Thursday, September 29, 2011

Remastering the Film: Louis Malle

Having for various reasons conspicuously passed over some of the big names of the nouvelle vague on my list of Masters of Film, I hope that it doesn't appear spiteful of me to put Louis Malle in place of them. He was too often associated in people's minds with the movement, despite having nothing to do with Cahiers du Cinéma. He learned from them, as everyone did, but he would eventually surpass their accomplishments - even though he made the Big Mistake (answering the call of Hollywood) that Truffaut and Chabrol were smart enough to resist. Malle began in documentary film, co-directing Le Monde du Silence, with Jacques Cousteau in 1956. It won a Palm d'or at Cannes. His first fiction film was Ascenseur pour l'Echafaud (1958), known as Lift to the Scaffold in Britain and Elevator to the Gallows in the States. Fantastically cool (Malle persuaded Miles Davis to do the music), Vernon Young called it an improvement on Hitchcock. I call it "definitive". 

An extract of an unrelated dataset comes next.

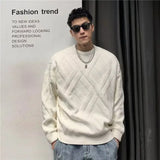 Aidase Pullovers Male Warm Knitwear Fleeced Round Collar Solid Color Men's Knit Sweater Crewneck Korean Reviews Clothes Designer Style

Elevator starred Jeanne Moreau. Malle cast her again in his next film, The Lovers (1958), a huge hit in France and abroad, due to its Gallic honesty about sex. Moreau was never more alluring. Feeling the tide of the New Wave, Malle next tried his hand at a Marienbad-like experimental film, Zazie in the Metro (1960), based on the Raymond Queneau novel. It was spirited but ultimately unsatisfying. Malle tried to recoup some of the commercial success and notoriety (in the States) of The Lovers with A Very Private Affair (1962) (simply Vie privée in French), starring Brigitte Bardot. 

Just when he seemed to have gone commercial, out of nowhere Malle made his masterpiece, Le Feu Follet (1963)(1). Though its subject was forbidding, the film's beauty is indisputable. Maurice Ronet's performance as a man who's run out of time was unsurpassed. For the next five years, Malle seemed to enjoy being a successful professional director (evidently something that Truffaut enjoyed tremendously - to the detriment of his art) without having much to say. In 1968 he took off for India with a small crew and returned with more than thirty hours of film. He managed to reduce it to a feature film released the following year, Calcutta. If the film seems rather lost, it certainly reflected Malle's reaction to the phantasmagoria he found in India. More footage was put together and shown on British TV in seven episodes as Phantom India (1969). The Indian government objected to Malle's completely open-eyed look at their country, and banned the BBC from filming there for several years. 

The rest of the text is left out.